If you need only scrape specific lines, you need get these line before you scrape it. I'd suggest use str.splitlines()
and a list slice to get them.
For example:
>>> import requests
>>> from bs4 import BeautifulSoup
>>> r = requests.get('http://www.yahoo.com')

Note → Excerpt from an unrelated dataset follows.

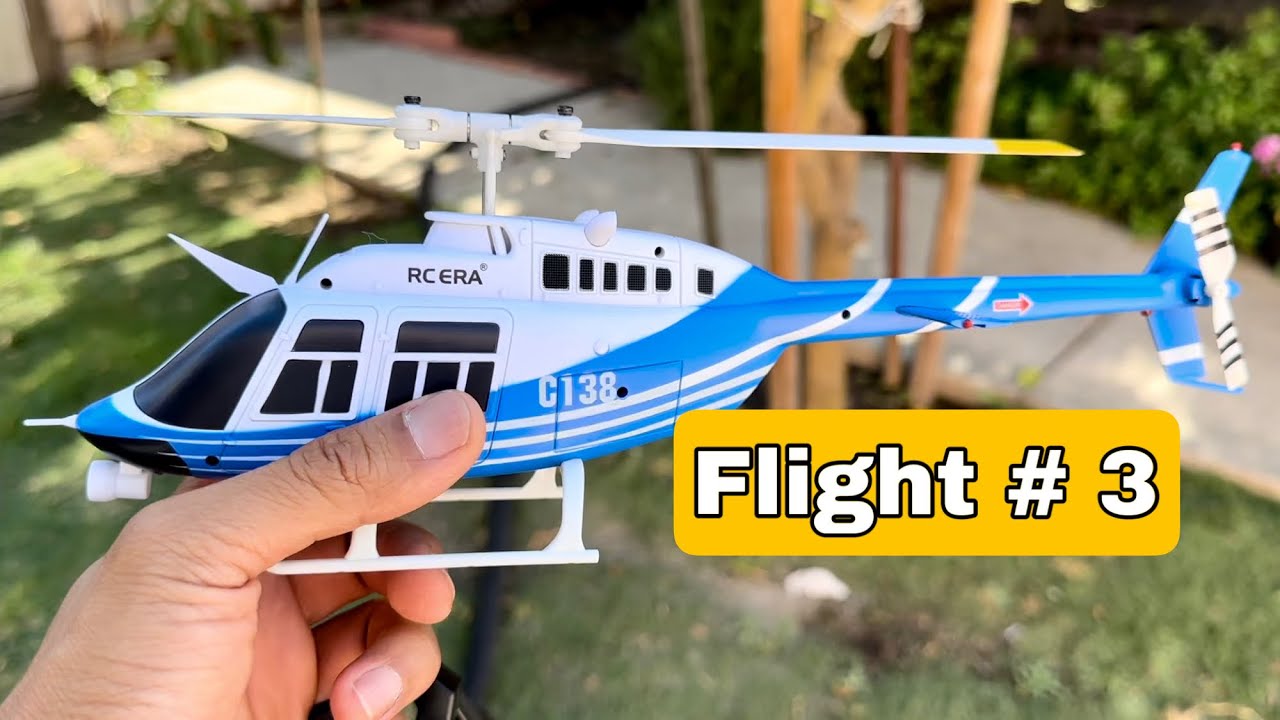 Rc Era 6ch C138 Bell 206 helicopter, flight # 3
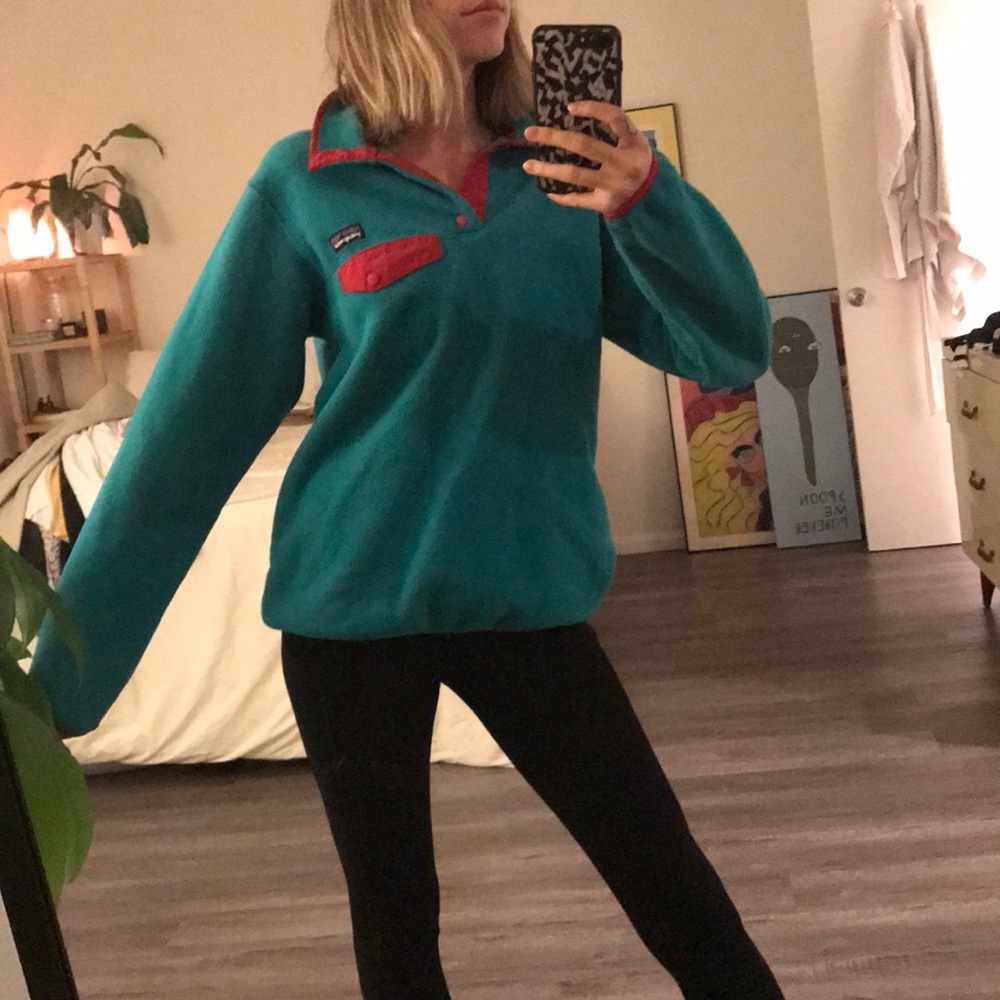 Patagonia 1/4 Button Snap T pullover sweatshirt - Picture 2 of 3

>>> print('\n'.join(r.text.splitlines()[575:634]))
The output is:
<li class="D(b)">
<a href="https://www.yahoo.com/politics/" class="D(b) Fz(13px) C($topbarMenu) Py(3px) Td(n) Td(u):h" data-ylk="slk:politics;t5:politics;cpos:9;" tabindex="1">Politics</a>
</li>
<li class="D(b)">
<a href="https://www.yahoo.com/celebrity/" class="D(b) Fz(13px) C($topbarMenu) Py(3px) Td(n) Td(u):h" data-ylk="slk:celebrity;t5:celebrity;cpos:10;" tabindex="1">Celebrity</a>
</li>
...
<li class="D(b)">
<a href="https://www.yahoo.com/travel/" class="D(b) Fz(13px) C($topbarMenu) Py(3px) Td(n) Td(u):h" data-ylk="slk:travel;t5:travel;cpos:22;" tabindex="1">Travel</a>
</li>
<li class="D(b)">
<a href="https://www.yahoo.com/autos/" class="D(b) Fz(13px) C($topbarMenu) Py(3px) Td(n) Td(u):h" data-ylk="slk:autos;t5:autos;cpos:23;" tabindex="1">Autos</a>
</li>
r.text.splitlines()
split the HTML source code by lines, and gives a list.
[575:634]
is a list slice, which slices the list, and gives lines from 576 to 634. I added two more lines because without them, the output will be:
<a href="https://www.yahoo.com/politics/" class="D(b) Fz(13px) C($topbarMenu) Py(3px) Td(n) Td(u):h" data-ylk="slk:politics;t5:politics;cpos:9;" tabindex="1">Politics</a>
</li>
<li class="D(b)">
<a href="https://www.yahoo.com/celebrity/" class="D(b) Fz(13px) C($topbarMenu) Py(3px) Td(n) Td(u):h" data-ylk="slk:celebrity;t5:celebrity;cpos:10;" tabindex="1">Celebrity</a>
</li>
...
<li class="D(b)">
<a href="https://www.yahoo.com/travel/" class="D(b) Fz(13px) C($topbarMenu) Py(3px) Td(n) Td(u):h" data-ylk="slk:travel;t5:travel;cpos:22;" tabindex="1">Travel</a>
</li>
<li class="D(b)">
<a href="https://www.yahoo.com/autos/" class="D(b) Fz(13px) C($topbarMenu) Py(3px) Td(n) Td(u):h" data-ylk="slk:autos;t5:autos;cpos:23;" tabindex="1">Autos</a>
And which isn't a valid HTML code block.
'\n'.join()
joins the list by \n
, and gives another string which you want.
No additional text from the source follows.